Variation in sensitizing effect of caffeine in human tumour cell lines after gamma-irradiation.
Valenzuela MT, Mateos S, Ruiz de Almodovar JM, McMillan TJ. Laboratoio de Investigaciones Medicas y Biologia Tumoral, Departamento de Radiologia y Medicina Fisica, Facultad de Medicina, Universidad de Granada, 18071, Granada, Spain.
Radiother Oncol 2000 Mar;54(3):261-71
BACKGROUND AND PURPOSE: We have investigated whether the protective role of the G2 checkpoint has increasing importance when the p53-dependent G1 checkpoint is inactivated.
MATERIALS AND METHODS: We have studied the differential effect of caffeine by clonogenic assays and flow cytometry in three human tumour cell lines with different functionality of p53 protein.

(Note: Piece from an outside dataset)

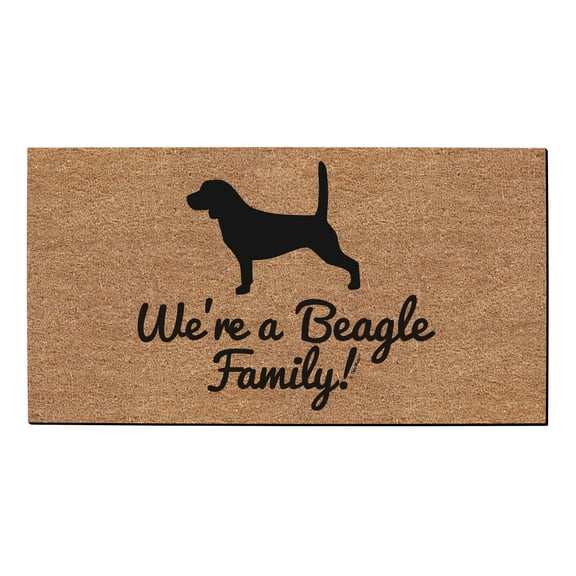 ThisWear Beagle Mom We're A Beagle Family New Home Decor Doormat Multi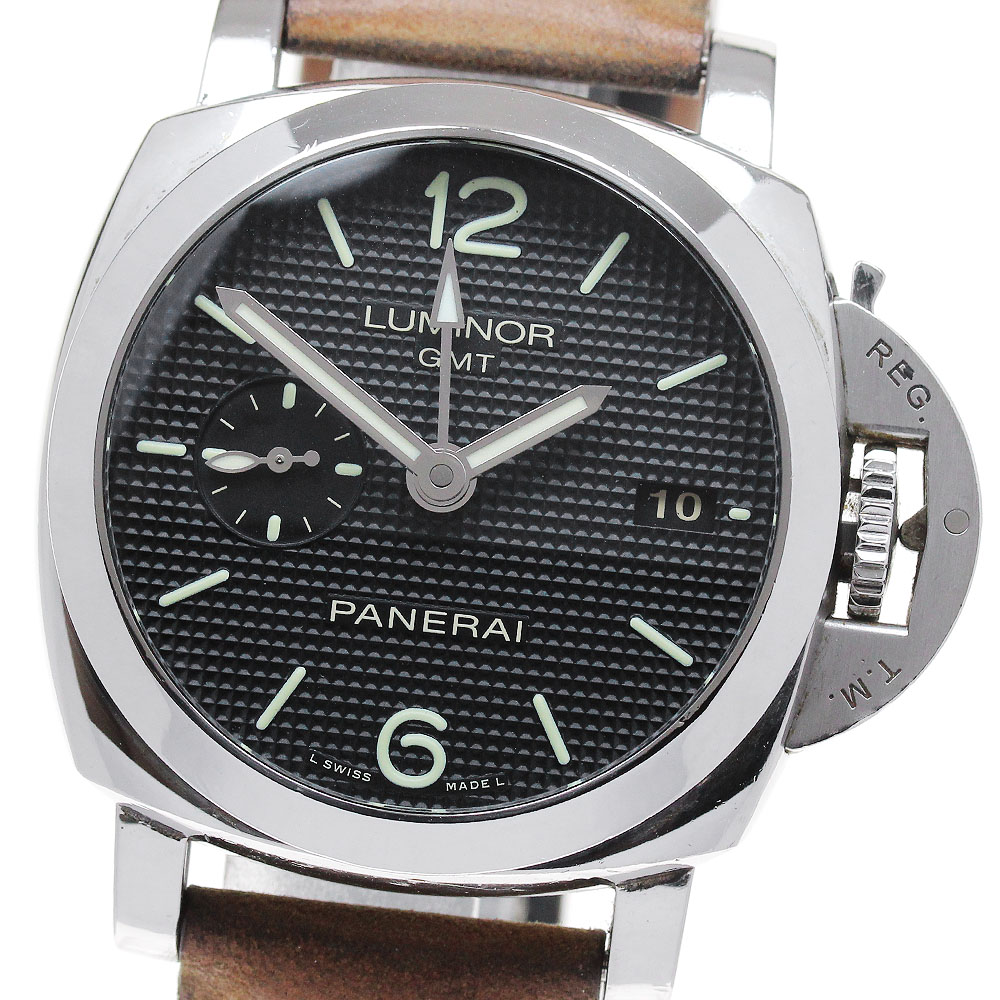 パネライ PANERAI PAM00535 ルミノール1950 3デイズ アッチャイオ GMT 自動巻き メンズ _832283【中古】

RESULTS: The radiosensitizing effect of caffeine (2 mM) expressed itself as a significant decrease in surviving fraction at 2 Gy and a significant increase in alpha-values in RT112 and TE671, both with non-functional p53. However, no radiosensitizing effect was seen in cells with a normal p53 function (MCF-7 BUS). Two millimoles of caffeine also caused important changes in the cell cycle progression after irradiation. MCF-7 BUS showed a G1 arrest after irradiation and an early G2 arrest but those cells that reached the second G2 did not arrest significantly. In contrast, TE671 exhibited radiosensitization by caffeine, no G1 arrest, a G2 arrest in those cells irradiated in G2, no significant accumulation in the second G2 but an overall delay in release from the first cell cycle, which could be abrogated by caffeine. RT112 was similar to TE671 except that the emphasis in a G2 arrest was shifted from the block in cells irradiated in G2 to those irradiated at other cell cycle phases. CONCLUSION: The data presented confirm that p53 status can be a significant determinant of the efficacy of caffeine as radiosensitizer in these tumour cell lines, and document the importance of the G2 checkpoint in this effect.
Structure-activity relationships for G2 checkpoint inhibition by caffeine analogs.

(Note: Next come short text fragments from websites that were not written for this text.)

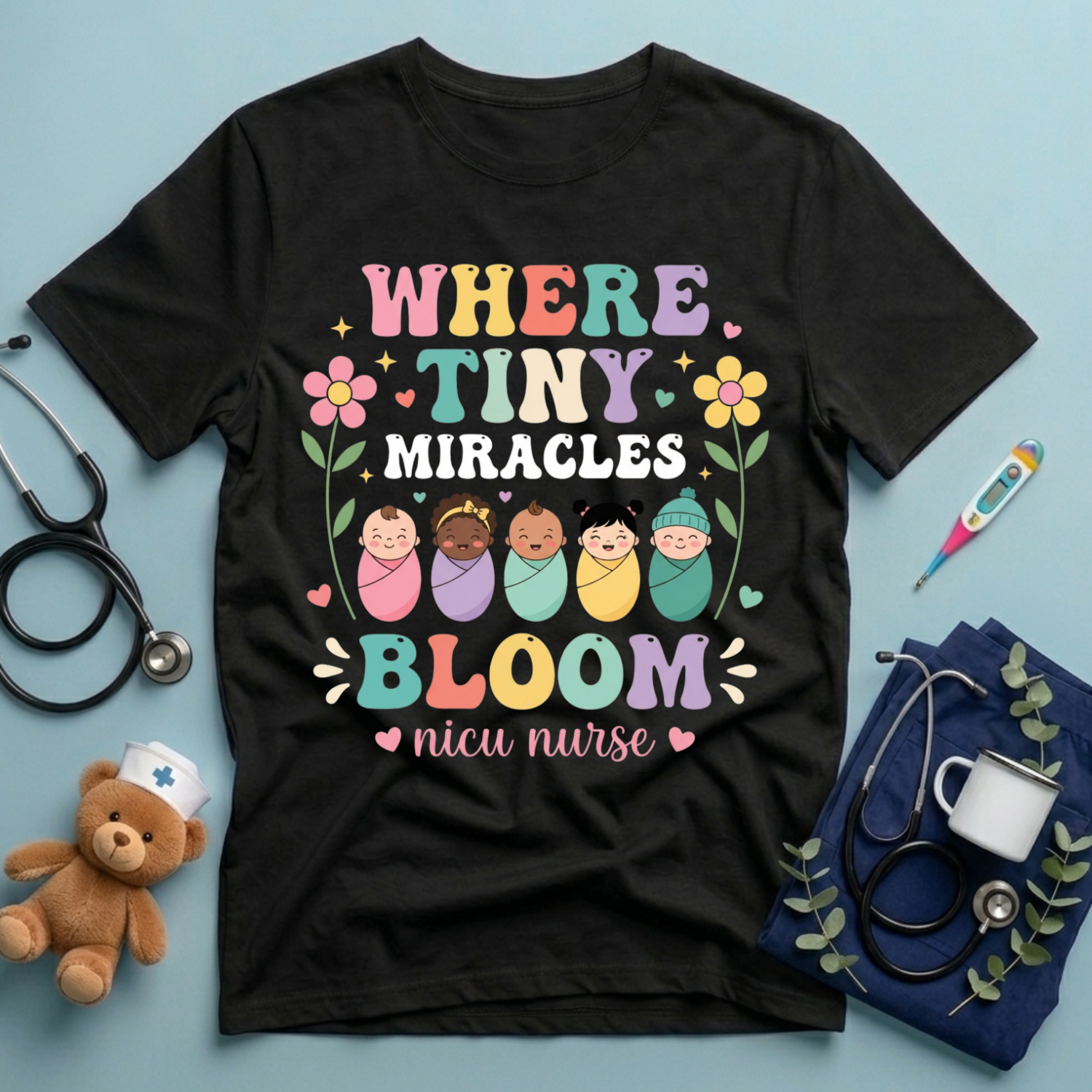 Where Tiny Miracles Bloom T-Shirt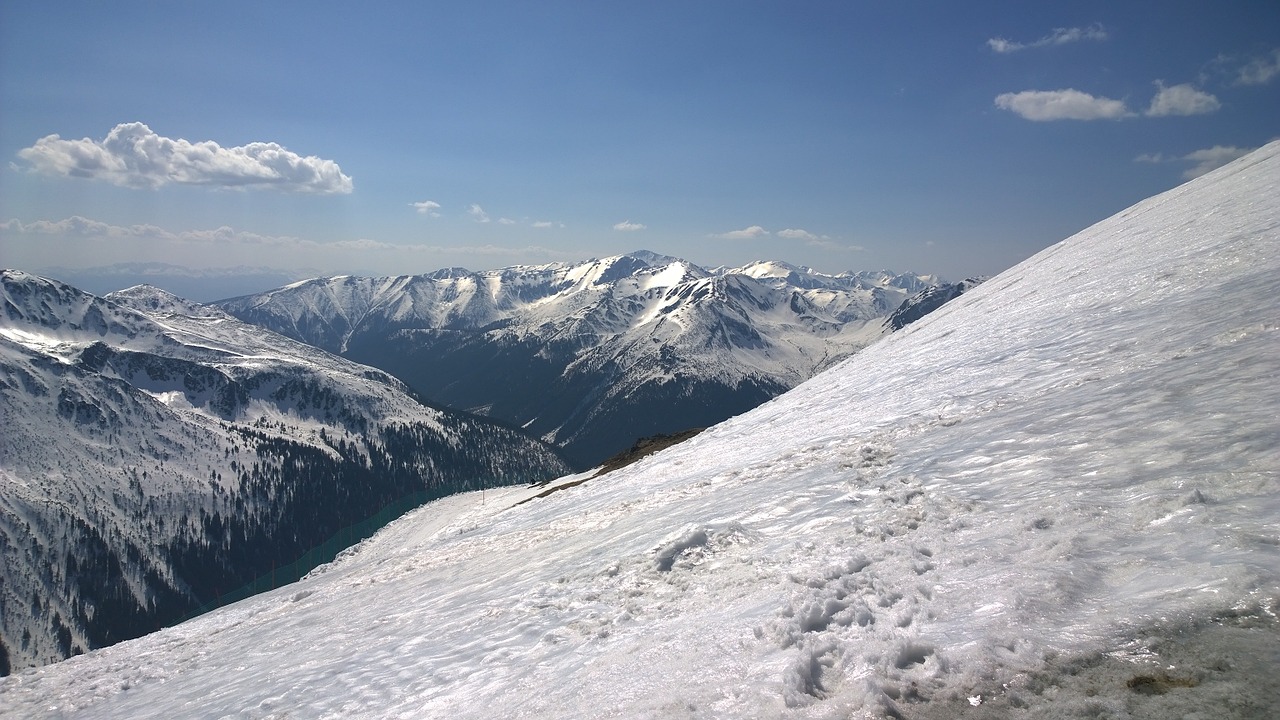 snow mountain winter free photo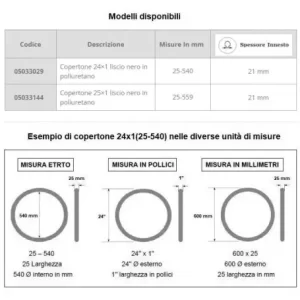 Copertone in poliuretano liscio per carrozzina a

Jiang X, Lim LY, Daly JW, Li AH, Jacobson KA, Roberge M. Department of Biochemistry and Molecular Biology, University of British Columbia, Vancouver, British Columbia V6T 1Z3, Canada.

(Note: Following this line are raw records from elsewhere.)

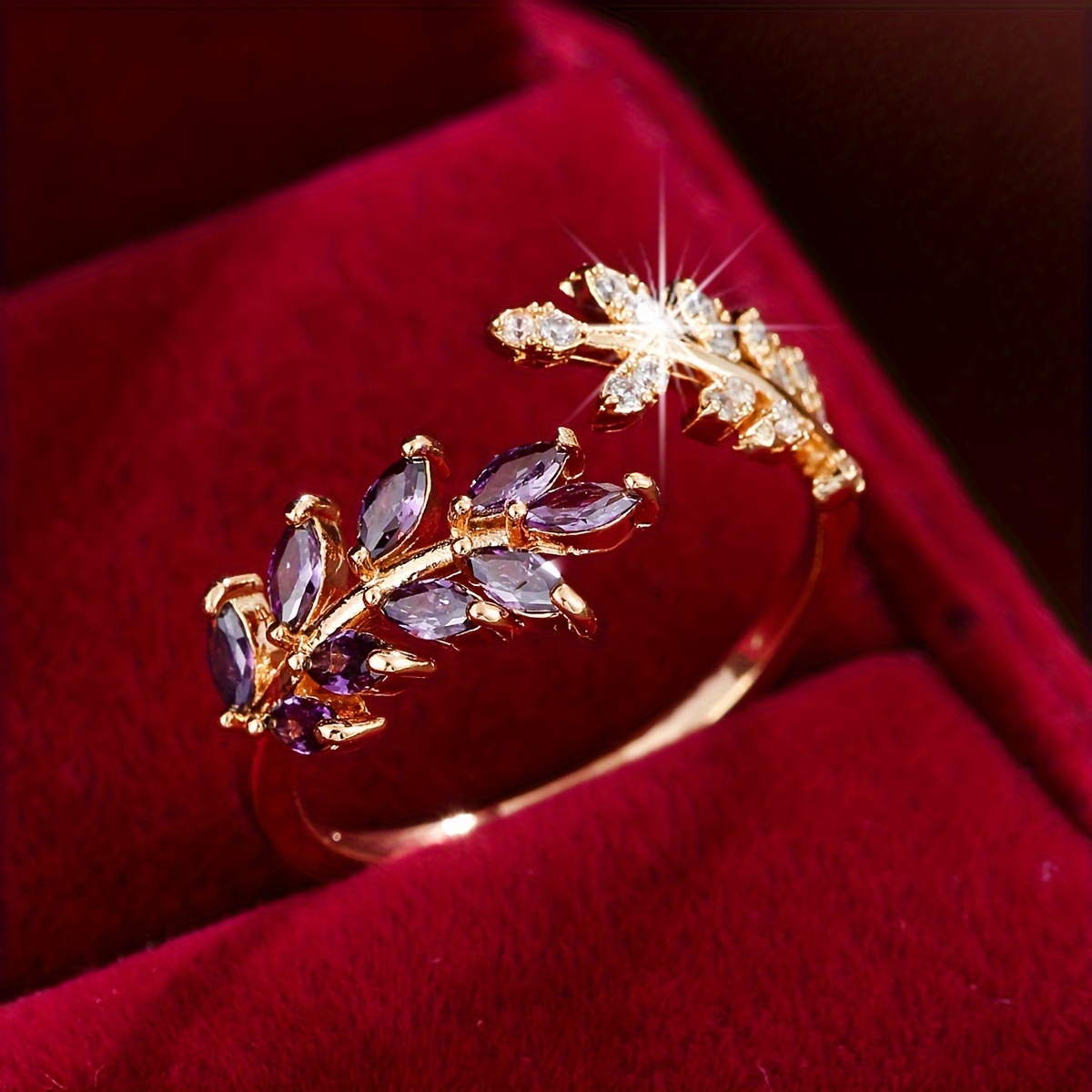 Women's Elegant Wheat Ear Design Ring, Pastoral Style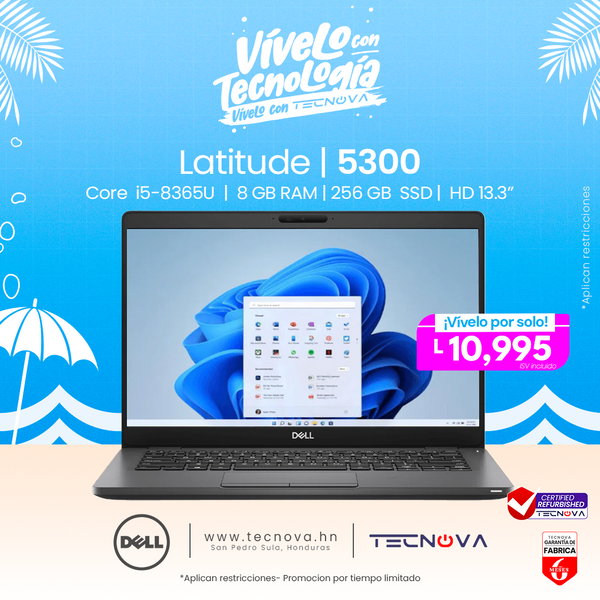 Dell/ Latitude 5300 RFB/ 13.3" FHD/ Intel Core i5-8365U/ 8GB RAM/ 256GB SSD/ Windows 10 Pro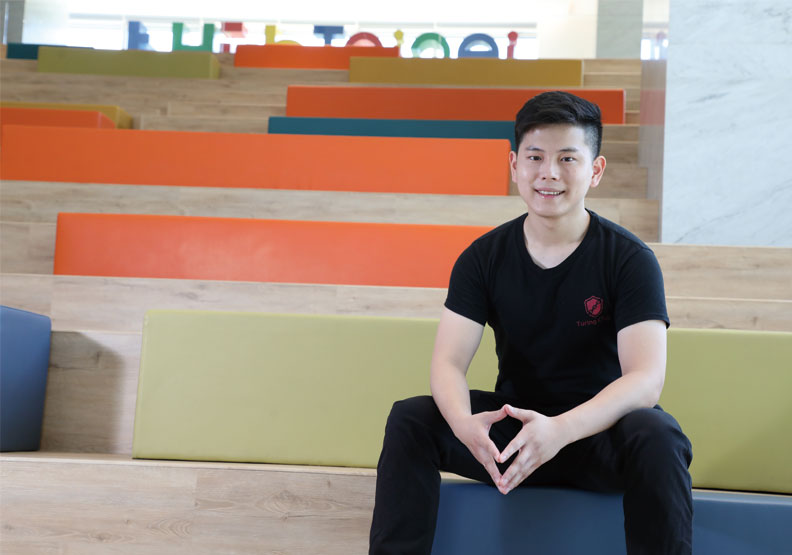 圖靈鏈創辦人暨執行長胡耀傑。蘇義傑攝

Int J Oncol 2000 May;16(5):971-8
Caffeine inhibits the G2 checkpoint activated by DNA damage and enhances the toxicity of DNA-damaging agents towards p53-defective cancer cells. The relationship between structure and G2 checkpoint inhibition was determined for 56 caffeine analogs. Replacement of the methyl group at position 3 or 7 resulted in loss of activity, while replacement at position 1 by ethyl or propyl increased activity slightly. 8-Substituted caffeines retained activity, but were relatively insoluble. The structure-activity profile did not resemble those for other known pharmacological activities of caffeine. The active analogs also potentiated the killing of p53-defective cells by ionizing radiation, but none was as effective as caffeine.